Le manquement des autorités à leur obligation consistant à établir la vérité a contribué à créer une culture de l’impunité pour les graves violations des droits humains commises pendant le conflit. Pas un seul nouveau cas n’a donné lieu à l’ouverture de poursuites depuis la signature de l’accord de paix de 2005.

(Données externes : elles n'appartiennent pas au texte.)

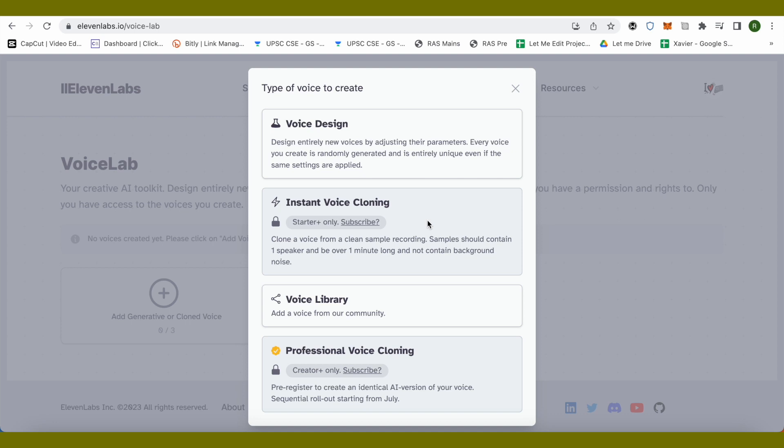Click on this option of voice cloning. After that, you will have to upload around one minute long audio - it should be over one minute and there should not be any noise in it. After that, this particular platform which is called 11 Labs will be able to clone your voice and you would be able to use that particular voice in your different content making journey.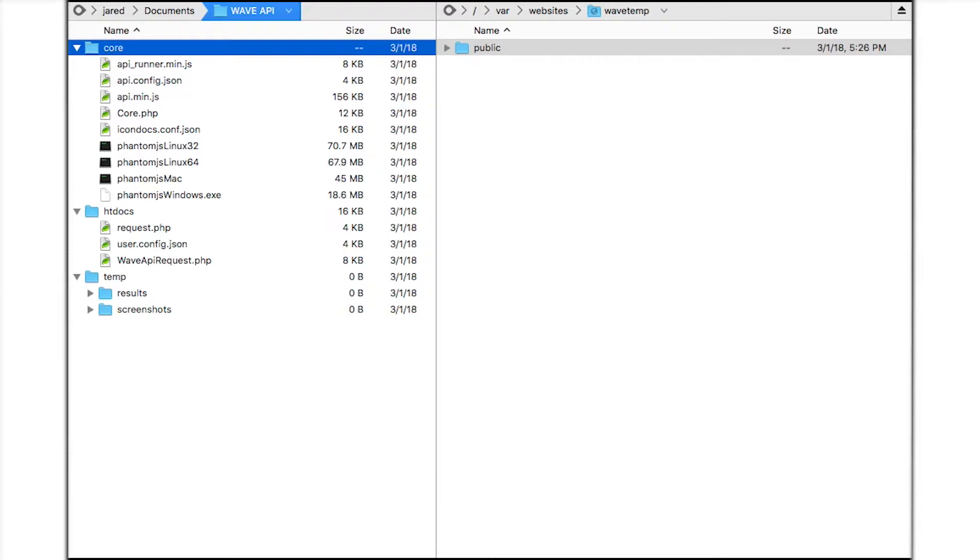Any web server that has PHP installed will support the WAVE API. I've created a temporary website directory on the WebAIM server which is a 64-bit Linux Apache cloud server.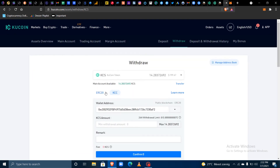Make sure you do not make the mistake of withdrawing on ERC20. If you withdraw on ERC20 it will still reflect in your wallet, but it won't be on the KuCoin Community Chain and you cannot use it to trade on platforms built on the KCC.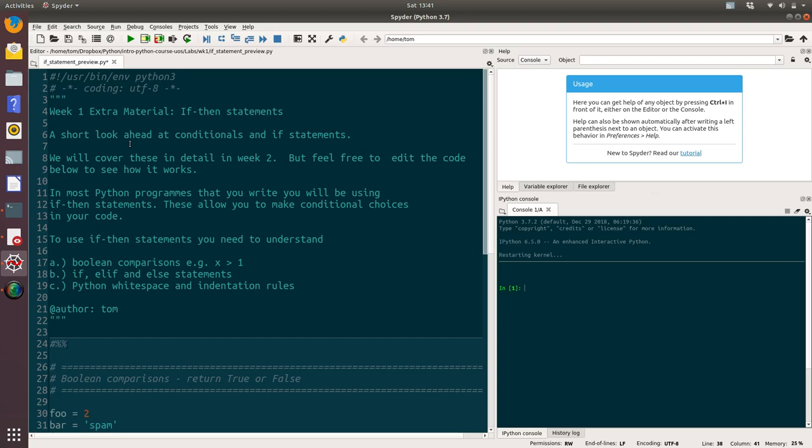So we've got a very short video here where we're going to take a quick look at if statements in Python. We're going to cover these in more detail next week. However, they're really important for coding, so I wanted to give you a heads up on what these look like as soon as possible.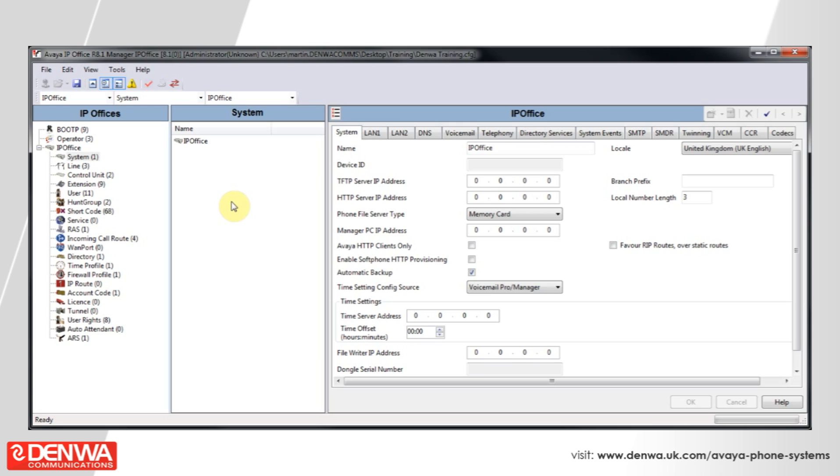Give the extension a name, such as Divert, and choose an extension number that is well outside of the range of other extensions we are using, in this example 299.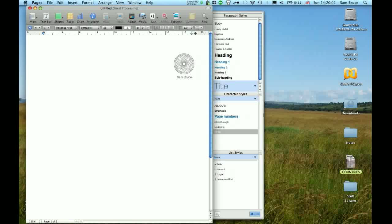Hi, I'm Sam Bruce and today I'm going to demonstrate how Megazoomer works on Mac OSX.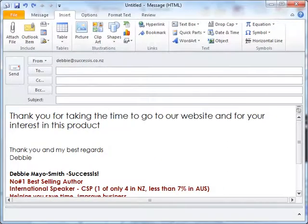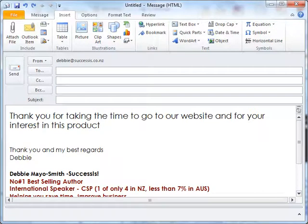During the course of the year, are there paragraphs or sentences that you might write over and over again, either in your Word documents or in emails? A wonderful new trick to save you typing inordinate amounts of things over and over again is something called Quick Parts. Here we are in an email,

«Le fait que les auteurs de ces abus courent toujours a aujourd’hui de graves répercussions sur l'état de droit. Il n’existe actuellement aucun mécanisme de contrôle au sein des forces de sécurité qui permette d’identifier les personnes accusées de violations des droits humains.», a expliqué Isabelle Arradon. «En agissant sur la situation en Aceh, les autorités indonésiennes pourraient non seulement aider à guérir des plaies encore à vif mais également garantir la paix à long terme. cela enverrait un message fort aux autres victimes de violations des droits humains en Indonésie.»